Exercise objective
Lines from the one containing "ETI Toys, STEM" through the final line of the data, restated word for word and free of pictures, make up the whole answer.

Provided material
------
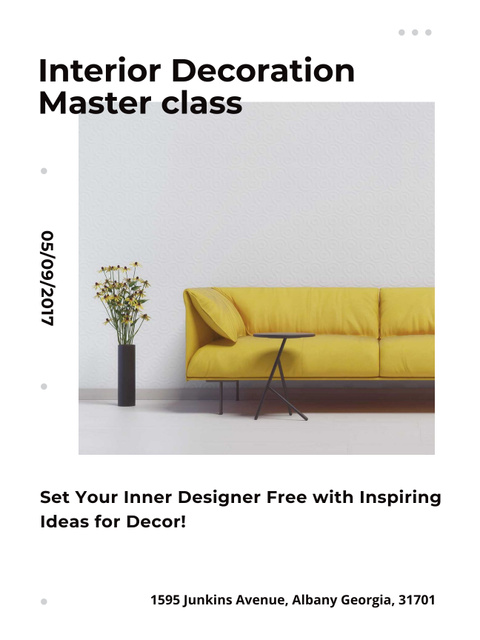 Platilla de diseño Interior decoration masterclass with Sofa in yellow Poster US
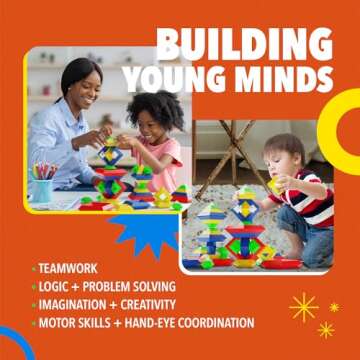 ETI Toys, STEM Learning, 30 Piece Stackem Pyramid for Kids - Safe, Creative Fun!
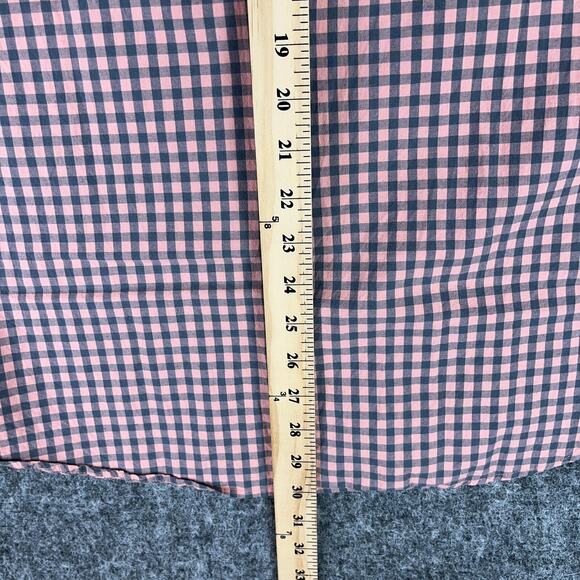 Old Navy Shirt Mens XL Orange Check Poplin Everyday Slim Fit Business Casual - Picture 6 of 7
------
Exercise answer
 ETI Toys, STEM Learning, 30 Piece Stackem Pyramid for Kids - Safe, Creative Fun!
 Old Navy Shirt Mens XL Orange Check Poplin Everyday Slim Fit Business Casual - Picture 6 of 7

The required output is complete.